Susie Georgiadis, soprano

Who or what inspired you to pursue a career in music?

I think I could sing before I could speak! From a very young age I sang to show my happiness and sadness. At home we always listened to music of different genres, from typical carnival music such as samba, bossa nuova (I was born in Brazil) to Russian folk music, which my dad loved.

But it was my mum that noticed my love for music and she sent me to flute lessons and then to singing lessons. Then I gradually started to sing for a living.

Who or what have been the most important influences on your musical life and career?

Elis Regina, a Brazilian singer, inspired me even before I started to sing. She’s still one of my favourites.

I have also been influenced by another very important singer, Maria Callas, especially during my early years of study.

Apart from the legend Maria Callas, all of my teachers and colleagues have inspired me and I am very grateful to them all.

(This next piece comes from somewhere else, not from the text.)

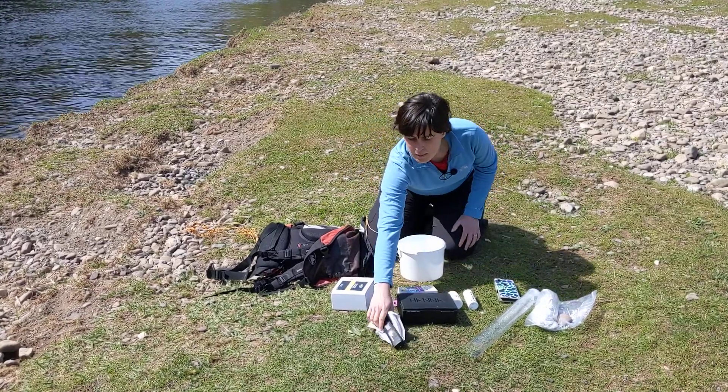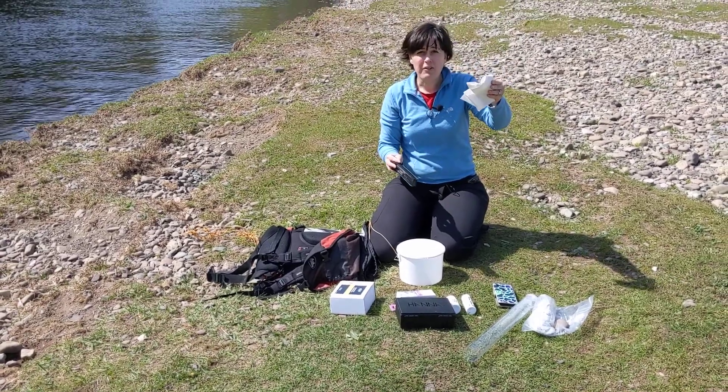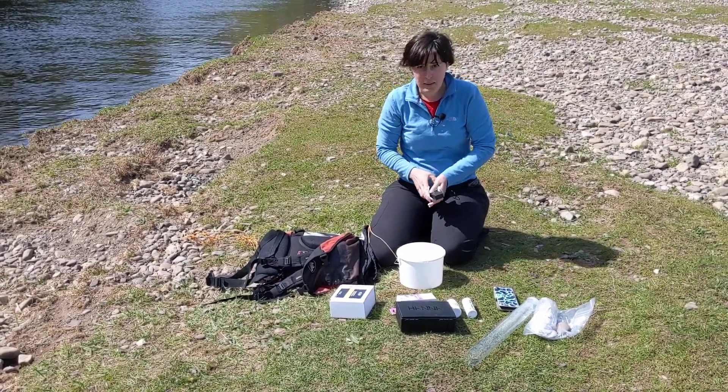I need my electrical conductivity and temperature meter. Also a cloth or a bit of kitchen towel is useful to wipe it off and keep it dry.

What have been the greatest challenges of your career so far?

There have been a lot of challenges during my career and I value each and everyone of them. I don’t think that one challenge has been more important than the others.

Maybe the biggest challenge for me is to keep believing in myself and, believing that every single one of us has something to say. I do this through music and singing.

Which performance/recordings are you most proud of?

I am very proud of my latest CD HOMAGE (for the record label Drama Music), which was part of a project called Donne –Women in Music, of music composed by Brazilian and Italian women. Along with the Italian pianist Angiolina Sensale, we took part in the research of historic and contemporary composers from both countries.

I can remember a very emotional performance for children in Brazil, who had never heard lyrical opera before. Just to see their enthusiasm and curiosity filled me with joy and it is something that I will always treasure. It can’t be compared with any other performances, even the ones in important theatres.

Which particular works do you think you perform best?

I think that I am better in romantic pieces full of lyricism, where I can recite the part, enhancing the words as well as the music.

I have had a lot of satisfaction from playing Mimi in La Boheme (Puccini) and Desdemona in Otello by Verdi.

Even singing the cultured Brazilian music, that I have sung many times in my career, I feel at home and I think this way I can give more to the audience.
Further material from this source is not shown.